Pour que toutes ces recommandations soient appliquées, un préalable est à satisfaire : informer (par la création d'un site Internet) et former tous les acteurs en contact avec les enfants. Les parents, les enseignants et les éducateurs, « les plus à même de repérer les premiers signes d'un trouble mental », sont visés ainsi que les généralistes, qui effectuent les examens des 24 premiers mois dans 60 % des cas, les pédiatres, qui interviennent à 90 % dans les 8 jours suivant l'accouchement, et les médecins scolaires et de PMI, « capables de reconnaître un trouble et d'orienter l'enfant vers les structures adaptées pour le diagnostic et la prise en charge ».

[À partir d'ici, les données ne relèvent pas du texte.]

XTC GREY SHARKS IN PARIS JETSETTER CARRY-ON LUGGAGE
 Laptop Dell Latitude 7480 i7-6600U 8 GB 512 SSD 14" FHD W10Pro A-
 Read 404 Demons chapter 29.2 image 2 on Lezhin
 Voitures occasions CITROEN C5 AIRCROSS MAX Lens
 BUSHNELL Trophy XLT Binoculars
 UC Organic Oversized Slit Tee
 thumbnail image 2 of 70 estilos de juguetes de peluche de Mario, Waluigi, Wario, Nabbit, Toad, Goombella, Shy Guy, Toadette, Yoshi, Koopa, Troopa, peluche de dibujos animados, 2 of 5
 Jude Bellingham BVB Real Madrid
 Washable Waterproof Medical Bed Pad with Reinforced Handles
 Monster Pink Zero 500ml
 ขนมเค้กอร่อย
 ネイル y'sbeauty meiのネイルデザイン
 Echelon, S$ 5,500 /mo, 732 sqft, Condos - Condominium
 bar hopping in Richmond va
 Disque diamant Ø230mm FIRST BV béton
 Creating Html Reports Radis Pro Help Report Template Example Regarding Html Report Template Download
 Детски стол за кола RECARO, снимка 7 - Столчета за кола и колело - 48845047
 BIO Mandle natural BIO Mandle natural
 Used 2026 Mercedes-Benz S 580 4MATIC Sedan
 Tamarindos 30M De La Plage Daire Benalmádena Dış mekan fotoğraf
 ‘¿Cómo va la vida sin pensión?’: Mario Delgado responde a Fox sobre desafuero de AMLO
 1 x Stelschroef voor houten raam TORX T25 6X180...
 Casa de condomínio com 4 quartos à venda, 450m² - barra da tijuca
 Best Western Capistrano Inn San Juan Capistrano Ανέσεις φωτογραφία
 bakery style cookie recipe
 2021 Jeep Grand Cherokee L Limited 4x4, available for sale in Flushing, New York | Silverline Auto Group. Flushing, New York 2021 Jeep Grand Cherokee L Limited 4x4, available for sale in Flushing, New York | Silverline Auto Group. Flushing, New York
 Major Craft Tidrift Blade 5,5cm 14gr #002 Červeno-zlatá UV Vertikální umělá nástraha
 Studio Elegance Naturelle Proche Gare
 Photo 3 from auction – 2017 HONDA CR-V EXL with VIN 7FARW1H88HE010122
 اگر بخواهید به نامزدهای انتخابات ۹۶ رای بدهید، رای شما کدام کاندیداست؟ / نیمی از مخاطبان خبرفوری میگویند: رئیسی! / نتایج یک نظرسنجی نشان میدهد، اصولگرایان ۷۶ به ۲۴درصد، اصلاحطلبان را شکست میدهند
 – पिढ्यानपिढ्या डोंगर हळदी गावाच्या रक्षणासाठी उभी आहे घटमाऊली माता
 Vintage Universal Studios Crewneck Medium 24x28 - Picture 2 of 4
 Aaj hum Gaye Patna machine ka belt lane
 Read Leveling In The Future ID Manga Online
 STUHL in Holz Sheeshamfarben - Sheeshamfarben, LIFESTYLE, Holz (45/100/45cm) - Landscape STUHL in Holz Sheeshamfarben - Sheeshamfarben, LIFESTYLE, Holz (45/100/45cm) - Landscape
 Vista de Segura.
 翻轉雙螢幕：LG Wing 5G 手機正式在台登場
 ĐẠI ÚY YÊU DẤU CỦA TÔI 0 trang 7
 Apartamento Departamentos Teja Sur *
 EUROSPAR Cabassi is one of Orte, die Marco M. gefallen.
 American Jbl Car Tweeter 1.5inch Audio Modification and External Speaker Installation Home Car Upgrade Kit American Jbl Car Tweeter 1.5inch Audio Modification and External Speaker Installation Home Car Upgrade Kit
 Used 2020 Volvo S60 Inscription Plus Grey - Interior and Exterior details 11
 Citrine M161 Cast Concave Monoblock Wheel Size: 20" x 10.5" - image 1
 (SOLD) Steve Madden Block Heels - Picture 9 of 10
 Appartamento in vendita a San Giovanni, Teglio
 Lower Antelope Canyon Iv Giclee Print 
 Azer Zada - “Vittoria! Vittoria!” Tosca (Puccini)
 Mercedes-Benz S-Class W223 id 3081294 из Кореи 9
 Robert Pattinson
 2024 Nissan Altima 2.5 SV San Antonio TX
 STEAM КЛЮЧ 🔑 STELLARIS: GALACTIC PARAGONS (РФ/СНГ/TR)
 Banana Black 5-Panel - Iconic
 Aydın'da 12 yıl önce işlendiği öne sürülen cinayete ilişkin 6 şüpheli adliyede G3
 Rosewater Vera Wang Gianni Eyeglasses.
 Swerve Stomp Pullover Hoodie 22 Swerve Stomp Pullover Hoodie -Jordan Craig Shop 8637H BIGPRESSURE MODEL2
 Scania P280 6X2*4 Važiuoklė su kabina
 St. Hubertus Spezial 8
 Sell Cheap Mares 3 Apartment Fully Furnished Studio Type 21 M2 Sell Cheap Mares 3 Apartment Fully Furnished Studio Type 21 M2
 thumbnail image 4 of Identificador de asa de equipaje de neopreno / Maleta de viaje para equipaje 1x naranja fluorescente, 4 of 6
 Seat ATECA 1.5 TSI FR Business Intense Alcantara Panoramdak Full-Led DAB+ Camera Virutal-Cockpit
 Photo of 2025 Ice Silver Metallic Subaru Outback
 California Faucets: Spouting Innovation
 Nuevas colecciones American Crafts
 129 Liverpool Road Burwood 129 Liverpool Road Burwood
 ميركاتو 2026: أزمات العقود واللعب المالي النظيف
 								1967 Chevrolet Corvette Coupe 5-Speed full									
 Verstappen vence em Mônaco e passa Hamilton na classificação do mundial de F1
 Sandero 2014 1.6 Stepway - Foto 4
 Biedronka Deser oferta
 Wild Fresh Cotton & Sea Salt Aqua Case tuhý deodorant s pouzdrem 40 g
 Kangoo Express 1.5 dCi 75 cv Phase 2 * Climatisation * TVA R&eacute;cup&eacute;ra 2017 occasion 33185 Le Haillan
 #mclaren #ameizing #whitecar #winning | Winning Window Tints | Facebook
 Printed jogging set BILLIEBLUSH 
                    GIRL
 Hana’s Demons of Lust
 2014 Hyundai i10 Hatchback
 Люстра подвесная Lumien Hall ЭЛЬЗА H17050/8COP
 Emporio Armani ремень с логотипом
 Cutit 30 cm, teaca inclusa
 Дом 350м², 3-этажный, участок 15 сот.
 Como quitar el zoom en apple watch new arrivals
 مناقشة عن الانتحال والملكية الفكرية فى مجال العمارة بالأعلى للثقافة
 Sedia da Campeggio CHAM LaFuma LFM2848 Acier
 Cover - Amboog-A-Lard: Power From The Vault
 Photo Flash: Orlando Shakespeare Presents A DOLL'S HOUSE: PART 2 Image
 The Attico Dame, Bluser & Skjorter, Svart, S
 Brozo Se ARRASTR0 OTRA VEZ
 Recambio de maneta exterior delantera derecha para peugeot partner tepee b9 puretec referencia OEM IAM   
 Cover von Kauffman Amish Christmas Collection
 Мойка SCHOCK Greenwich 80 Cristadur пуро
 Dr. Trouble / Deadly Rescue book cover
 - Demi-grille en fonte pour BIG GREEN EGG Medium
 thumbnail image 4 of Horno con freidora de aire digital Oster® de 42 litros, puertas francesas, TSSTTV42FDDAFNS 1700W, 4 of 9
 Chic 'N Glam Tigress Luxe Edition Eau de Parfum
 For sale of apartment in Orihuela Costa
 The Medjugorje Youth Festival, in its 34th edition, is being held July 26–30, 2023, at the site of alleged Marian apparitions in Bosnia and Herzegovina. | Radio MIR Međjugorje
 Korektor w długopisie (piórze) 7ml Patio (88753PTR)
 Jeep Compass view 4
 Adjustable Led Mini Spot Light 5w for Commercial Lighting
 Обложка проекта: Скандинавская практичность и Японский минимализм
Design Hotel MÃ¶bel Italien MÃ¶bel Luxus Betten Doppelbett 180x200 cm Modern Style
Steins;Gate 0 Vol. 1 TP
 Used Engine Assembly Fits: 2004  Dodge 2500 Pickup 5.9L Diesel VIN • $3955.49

Reconnaître le temps passé au repérage
Sans oublier les pédopsychiatres, « susceptibles de transférer les résultats de la recherche à leur pratique clinique ». « Par exemple, les données issues de l'imagerie cérébrale des troubles mentaux de l'enfant et de l'adolescent, et plus généralement celles qui concernent la maturation cérébrale, ne font pas partie de l'enseignement classique des études de spécialisation du psychiatre, ni du pédopsychiatre », relèvent les experts. La participation des chercheurs à des activités d'enseignement permettrait d'y remédier.
L'INSERM demande aux pouvoirs publics de reconnaître le temps passé au repérage des facteurs de risque et des signes d'un trouble mental éventuel « par l'inscription de l'acte médical à la nomenclature ».
Enfin, le groupe d'experts insiste sur la nécessité d'avoir « une meilleure connaissance de la situation française en termes de prévalence, d'incidence et d'évolution des troubles mentaux, et pour cela de valider des outils de dépistage des troubles ». Il pointe « l'intérêt d'études longitudinales pour évaluer l'impact de différents facteurs (génétiques et d'environnement) et leurs interactions dans le développement des troubles mentaux ». Quant à « la recherche des mécanismes sous-tendant les troubles mentaux (elle) doit intégrer les disciplines explorant le fonctionnement du cerveau (neurobiologie, imagerie, neurocognition, psychologie expérimentale, etc.) et s'appuyer, aussi, sur de nouveaux modèles animaux d'anomalies du développement ».
(1) L'expertise collective, intitulée « Troubles mentaux : dépistage et prévention chez l'enfant et l'adolescent », a été réalisée avec le concours, notamment, de Pierre Gressens, neurobiologiste du développement, équipe INSERM 9935, de l'hôpital Robert-Debré de Paris, et des professeurs de psychiatrie Daniel Bailly, de l'hôpital Sainte-Marguerite de Marseille, et Eric Fombonne, de l'Hôpital canadien pour enfants de Montréal.
(2) D'autres examens sont proposés actuellement, sans être obligatoires - comme ceux à la naissance, aux 4e, 9e et 24e mois - au 4e mois, à 18-24 mois en Ile-de-France seulement, et à 3-4 ans.
Autisme : les signes qui doivent alerter
Même s'ils ne sont pas exclusivement spécifiques à l'autisme, certains déficits doivent alerter les médecins, et déclencher un examen secondaire chez un pédopsychiatre :
- pas de babillage à 12 mois ;
- pas de geste type pointage ou au revoir de la main à 12 mois ;
- pas de mots à 16 mois ;
- pas de combinaison de deux mots spontanée à 24 mois ;
- n'importe quelle perte de compétence (de langage ou sociale) à tout âge.